Re: [PATCH 4/4] mm: Apply vm_uffd_ops API to core mm

Posted by Peter Xu 3 months, 2 weeks ago

On Wed, Jun 25, 2025 at 01:31:49PM -0700, James Houghton wrote:
> > -static inline bool vma_can_userfault(struct vm_area_struct *vma,
> > -                                    unsigned long vm_flags,
> > -                                    bool wp_async)
> > +static inline const vm_uffd_ops *vma_get_uffd_ops(struct vm_area_struct *vma)
> >  {
> > -       vm_flags &= __VM_UFFD_FLAGS;
> > -
> > -       if (vma->vm_flags & VM_DROPPABLE)
> > -               return false;
> > -
> > -       if ((vm_flags & VM_UFFD_MINOR) &&
> > -           (!is_vm_hugetlb_page(vma) && !vma_is_shmem(vma)))
> > -               return false;
> > -
> > -       /*
> > -        * If wp async enabled, and WP is the only mode enabled, allow any
> > -        * memory type.
> > -        */
> > -       if (wp_async && (vm_flags == VM_UFFD_WP))
> > -               return true;
> > -
> > -#ifndef CONFIG_PTE_MARKER_UFFD_WP
> > -       /*
> > -        * If user requested uffd-wp but not enabled pte markers for
> > -        * uffd-wp, then shmem & hugetlbfs are not supported but only
> > -        * anonymous.
> > -        */
> > -       if ((vm_flags & VM_UFFD_WP) && !vma_is_anonymous(vma))
> > -               return false;
> > -#endif
> 
> Hi Peter,
> 
> Thanks for this cleanup!
> 
> It looks like the above two checks, the wp-async one and the PTE
> marker check, have been reordered in this patch. Does this result in a
> functional difference?
> 
> The rest of this series looks fine to me. :)
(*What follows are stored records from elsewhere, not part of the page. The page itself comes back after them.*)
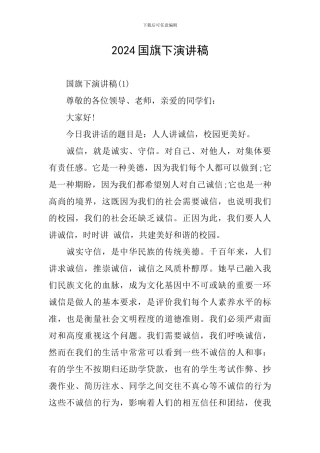 2024国旗下演讲稿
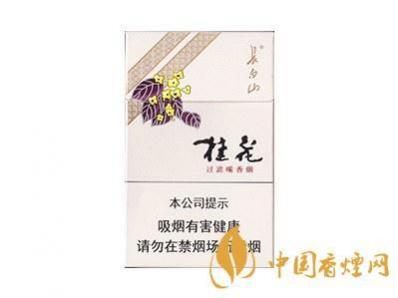 长白山桂花硬盒香烟价格一览 长白山桂花硬包多少钱一条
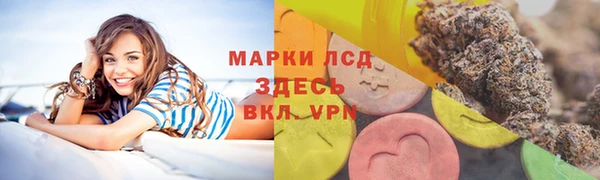 скорость mdpv Чекалин
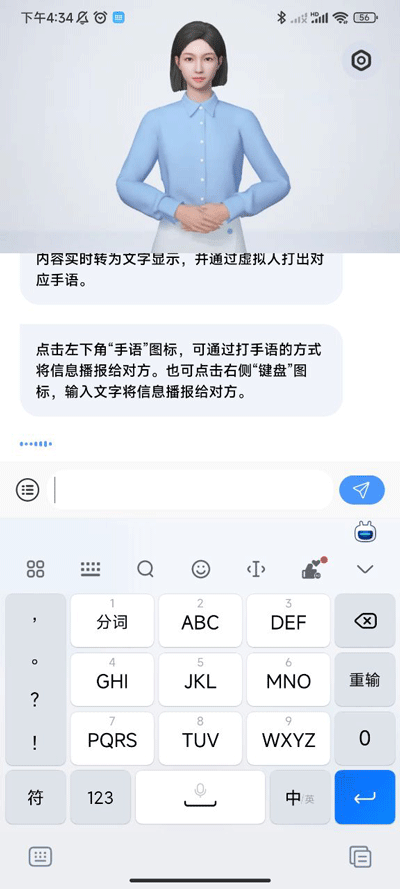 手语翻译官app最新版下载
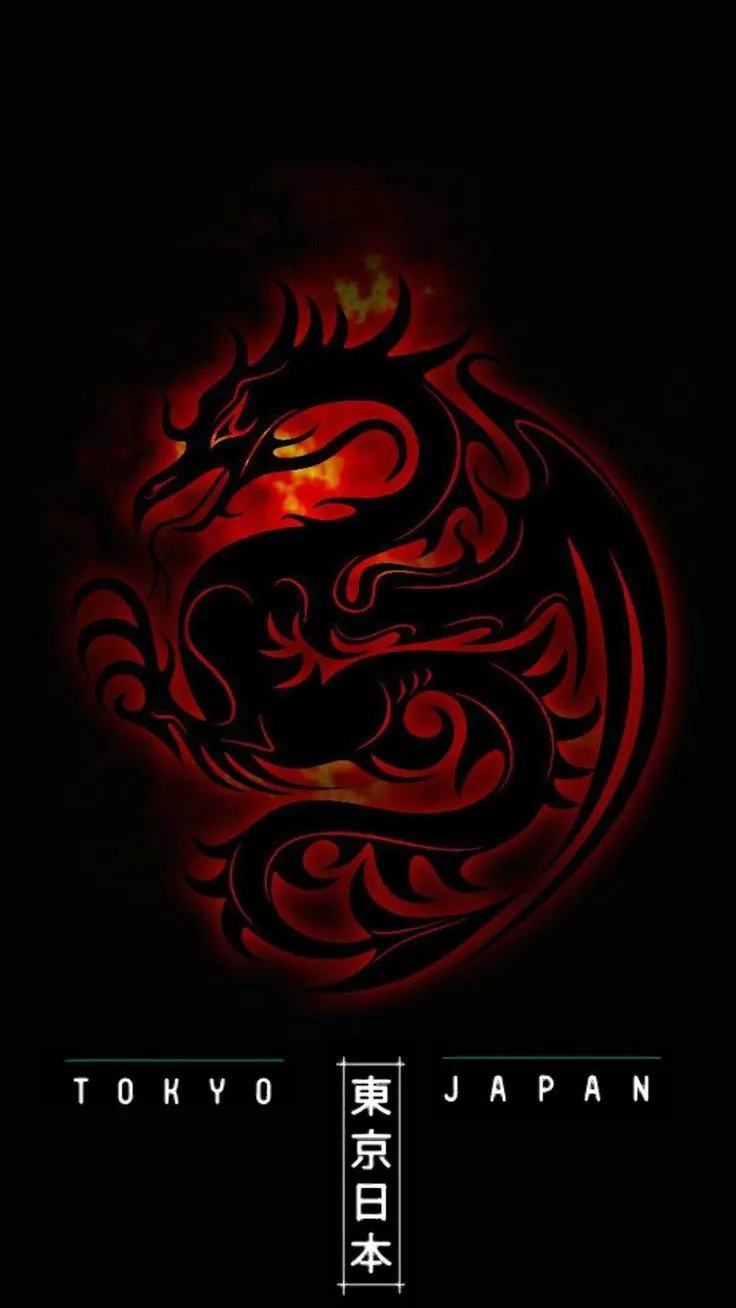 Tokyo Japan Dragon Wallpaper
Thanks for the very careful review, James!

Yes that's a small tweak I did when moving. I don't expect to have any
functional change.  Maybe I should at least mention that in the commit log.
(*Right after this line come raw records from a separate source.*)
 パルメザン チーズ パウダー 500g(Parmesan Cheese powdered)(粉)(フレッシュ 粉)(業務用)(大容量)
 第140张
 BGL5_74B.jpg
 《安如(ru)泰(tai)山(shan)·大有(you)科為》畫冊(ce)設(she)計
Here I did the movement because fundamentally wp_async depends on the pte
markers, so it may be slightly more intuitive to check pte markers first,
rejecting any form of file wr-protect traps.  Otherwise it may looks like
we could return the true for wp_async==true too early.  In reality IIUC it
can't happen.

For example, currently userfaultfd_api() has:

#ifndef CONFIG_PTE_MARKER_UFFD_WP
	uffdio_api.features &= ~UFFD_FEATURE_WP_HUGETLBFS_SHMEM;
	uffdio_api.features &= ~UFFD_FEATURE_WP_UNPOPULATED;
	uffdio_api.features &= ~UFFD_FEATURE_WP_ASYNC;
#endif

So when wp_async can be true above, pte markers must be compiled..  IOW,
above code clip should work identically with below lines:

    #ifdef CONFIG_PTE_MARKER_UFFD_WP
       if (wp_async && (vm_flags == VM_UFFD_WP))
            return true;
    #endif

    #ifndef CONFIG_PTE_MARKER_UFFD_WP
        if ((vm_flags & VM_UFFD_WP) && !vma_is_anonymous(vma))
            return false;
    #endif

Then it means both chunks of code cannot be compiled together.  The order
shouldn't matter.

But maybe I should just move it back as before, to save the explain and
confusions.  Let me know if you have any preference.

Thanks,

-- 
Peter Xu

Re: [PATCH 4/4] mm: Apply vm_uffd_ops API to core mm

Posted by James Houghton 3 months, 2 weeks ago

On Wed, Jun 25, 2025 at 2:21 PM Peter Xu <peterx@redhat.com> wrote:
>
> On Wed, Jun 25, 2025 at 01:31:49PM -0700, James Houghton wrote:
> > > -static inline bool vma_can_userfault(struct vm_area_struct *vma,
> > > -                                    unsigned long vm_flags,
> > > -                                    bool wp_async)
> > > +static inline const vm_uffd_ops *vma_get_uffd_ops(struct vm_area_struct *vma)
> > >  {
> > > -       vm_flags &= __VM_UFFD_FLAGS;
> > > -
> > > -       if (vma->vm_flags & VM_DROPPABLE)
> > > -               return false;
> > > -
> > > -       if ((vm_flags & VM_UFFD_MINOR) &&
> > > -           (!is_vm_hugetlb_page(vma) && !vma_is_shmem(vma)))
> > > -               return false;
> > > -
> > > -       /*
> > > -        * If wp async enabled, and WP is the only mode enabled, allow any
> > > -        * memory type.
> > > -        */
> > > -       if (wp_async && (vm_flags == VM_UFFD_WP))
> > > -               return true;
> > > -
> > > -#ifndef CONFIG_PTE_MARKER_UFFD_WP
> > > -       /*
> > > -        * If user requested uffd-wp but not enabled pte markers for
> > > -        * uffd-wp, then shmem & hugetlbfs are not supported but only
> > > -        * anonymous.
> > > -        */
> > > -       if ((vm_flags & VM_UFFD_WP) && !vma_is_anonymous(vma))
> > > -               return false;
> > > -#endif
> >
> > Hi Peter,
> >
> > Thanks for this cleanup!
> >
> > It looks like the above two checks, the wp-async one and the PTE
> > marker check, have been reordered in this patch. Does this result in a
> > functional difference?
> >
> > The rest of this series looks fine to me. :)
>
> Thanks for the very careful review, James!
>
> Yes that's a small tweak I did when moving. I don't expect to have any
> functional change.  Maybe I should at least mention that in the commit log.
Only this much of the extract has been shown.